**Task statement:** Return only the line that contains "From Dusk Till" and each line after it, through the last line of the data below, copied exactly.

**Entries shown:**
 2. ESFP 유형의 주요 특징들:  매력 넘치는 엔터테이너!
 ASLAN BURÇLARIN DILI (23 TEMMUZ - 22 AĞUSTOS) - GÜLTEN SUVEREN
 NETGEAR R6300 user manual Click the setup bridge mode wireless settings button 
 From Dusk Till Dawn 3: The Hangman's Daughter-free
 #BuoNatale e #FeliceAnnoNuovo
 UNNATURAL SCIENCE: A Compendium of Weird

**Problem solution:**
 From Dusk Till Dawn 3: The Hangman's Daughter-free
 #BuoNatale e #FeliceAnnoNuovo
 UNNATURAL SCIENCE: A Compendium of Weird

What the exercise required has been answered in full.